Ich hatte ja neulich schon geschreiben wegen dem Zittern.

Angefangen hat alles als ich im letzten Jahr mein zu Hause, Beziehung und damit auch meinen Sicherheitsfaktor Mensch verloren hatte. Ich war wohl wie viele auf einen Menschen angewiesen, der mir in Punkto Ängste sehr viel Sicherheit gegeben hat. Ich bin dann wieder bei meinen Eltern eingezogen, im Grunde nur als Übergangslösung.
ich hab mich dann sehr erfolgreich mit meinen Ängsten auseinandergesetzt und konnte im Grunde bis auf alleine Bahn fahren und alleine irgendwohin reisen wieder alles was ich wollte. Ich habe mich frei und rundherum wohl gefühlt. Ich habe mein Studium sehr genossen und habe mich sogar nach einem halben Jahr Trennung wieder verliebt und habe jetzt eine neue Beziehung.

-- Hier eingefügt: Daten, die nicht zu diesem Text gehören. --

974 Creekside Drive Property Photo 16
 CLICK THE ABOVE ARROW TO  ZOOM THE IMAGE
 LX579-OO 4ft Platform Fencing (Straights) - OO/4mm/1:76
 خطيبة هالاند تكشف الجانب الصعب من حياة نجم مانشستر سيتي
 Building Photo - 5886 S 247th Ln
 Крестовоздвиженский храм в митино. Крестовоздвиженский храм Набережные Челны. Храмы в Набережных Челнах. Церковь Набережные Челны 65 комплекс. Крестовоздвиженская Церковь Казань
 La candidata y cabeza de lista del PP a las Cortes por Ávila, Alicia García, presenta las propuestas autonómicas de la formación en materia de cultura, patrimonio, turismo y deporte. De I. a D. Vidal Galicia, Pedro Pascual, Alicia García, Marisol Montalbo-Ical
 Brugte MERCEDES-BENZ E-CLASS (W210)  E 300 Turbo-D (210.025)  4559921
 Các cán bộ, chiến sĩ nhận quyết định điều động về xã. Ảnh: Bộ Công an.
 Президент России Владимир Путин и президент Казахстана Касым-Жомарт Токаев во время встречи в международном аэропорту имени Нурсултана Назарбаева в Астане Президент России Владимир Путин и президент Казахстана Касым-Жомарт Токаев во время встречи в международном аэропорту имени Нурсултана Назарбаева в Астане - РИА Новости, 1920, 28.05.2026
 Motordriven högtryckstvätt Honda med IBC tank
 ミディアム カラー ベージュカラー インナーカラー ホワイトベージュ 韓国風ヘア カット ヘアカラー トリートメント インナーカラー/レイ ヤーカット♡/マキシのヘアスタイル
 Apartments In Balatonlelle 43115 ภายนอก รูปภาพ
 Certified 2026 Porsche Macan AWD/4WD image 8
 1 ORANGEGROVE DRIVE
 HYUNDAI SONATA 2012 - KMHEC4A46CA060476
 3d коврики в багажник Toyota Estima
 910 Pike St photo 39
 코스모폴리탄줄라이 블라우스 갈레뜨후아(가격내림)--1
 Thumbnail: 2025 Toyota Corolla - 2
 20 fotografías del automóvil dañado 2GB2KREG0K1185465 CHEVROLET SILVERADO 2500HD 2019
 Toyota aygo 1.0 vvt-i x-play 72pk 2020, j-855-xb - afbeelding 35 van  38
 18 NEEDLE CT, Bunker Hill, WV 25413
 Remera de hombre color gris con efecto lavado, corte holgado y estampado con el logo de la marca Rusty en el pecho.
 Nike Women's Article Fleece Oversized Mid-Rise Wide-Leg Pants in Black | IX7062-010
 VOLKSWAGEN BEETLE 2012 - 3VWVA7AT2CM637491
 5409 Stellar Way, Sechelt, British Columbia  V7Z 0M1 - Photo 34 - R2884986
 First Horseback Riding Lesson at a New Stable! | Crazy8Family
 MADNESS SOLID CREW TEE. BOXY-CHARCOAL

Leider habe ich dann vor ca. 5 Monaten einen hefitgen Rückfall erlebt. Ich bin voll in meine altes Denkmuster reingefallen, suchte wieder Sicherheit bei meiner neuen Beziehug, es wurde dann auch noch ein Kindheitstrauma aufgewirbelt, das noch aus meinem Elterhaus kommt und ich es immer ein wenig verdrängt hatte und dann hab ich mich noch mit Atropin überdosiert aus versehen und war eine Woche auf Dro. ohne es zu wissen. Ich hab gedacht jetzt gehts dahin.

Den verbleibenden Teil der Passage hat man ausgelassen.